Curr Hepatol Rep. 2023 Mar;22(1):44-50. doi: 10.1007/s11901-023-00600-z. Epub 2023 Feb 20.
Non-selective beta blockers remain pharmacotherapy of choice for prevention of first episode of variceal bleeding (primary prevention) and for prevention of its recurrence after initial hemostasis (secondary prophylaxis). This review will update the current and emerging pharmacological therapies for portal hypertension.
Data have emerged on carvedilol in preventing hepatic decompensation and improving patient survival among patients with clinically significant portal hypertension. Because measurement of WHVP is invasive and not feasible in routine practice, non-invasive tests with liver stiffness measurement in combination with platelet count may be accurate in identifying clinically significant portal hypertension.
Carvedilol is more effective in reducing portal pressure compared to nadolol or propranolol. Its use has expanded to reduce risk of hepatic decompensation among patients with CSPH, which can be identified non-invasively using liver stiffness and platelet count. Studies are needed on non-invasive biomarkers to guide and optimize pharmacological treatment of portal hypertension.
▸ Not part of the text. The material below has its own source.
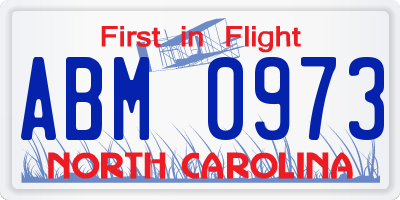 NC license plate ABM0973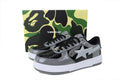 A BATHING APE BAPE STA Glossy Grey & Black White-Star Sneakers | Women's & Men's Skate-Inspired Shoes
非选择性β受体阻滞剂仍是预防静脉曲张破裂出血首次发作(一级预防)以及初始止血后预防其复发(二级预防)的首选药物治疗方法。本综述将更新门静脉高压症当前及新出现的药物治疗方法。
关于卡维地洛在预防具有临床意义的门静脉高压症患者肝失代偿及改善患者生存率方面已有相关数据。由于肝静脉楔压测量具有侵入性且在常规实践中不可行,结合血小板计数进行肝脏硬度测量的非侵入性检查在识别具有临床意义的门静脉高压症方面可能是准确的。
与纳多洛尔或普萘洛尔相比,卡维地洛在降低门静脉压力方面更有效。其应用已扩展至降低临床显著性门静脉高压症(CSPH)患者肝失代偿的风险,可通过肝脏硬度和血小板计数进行非侵入性识别。需要开展关于非侵入性生物标志物的研究,以指导和优化门静脉高压症的药物治疗。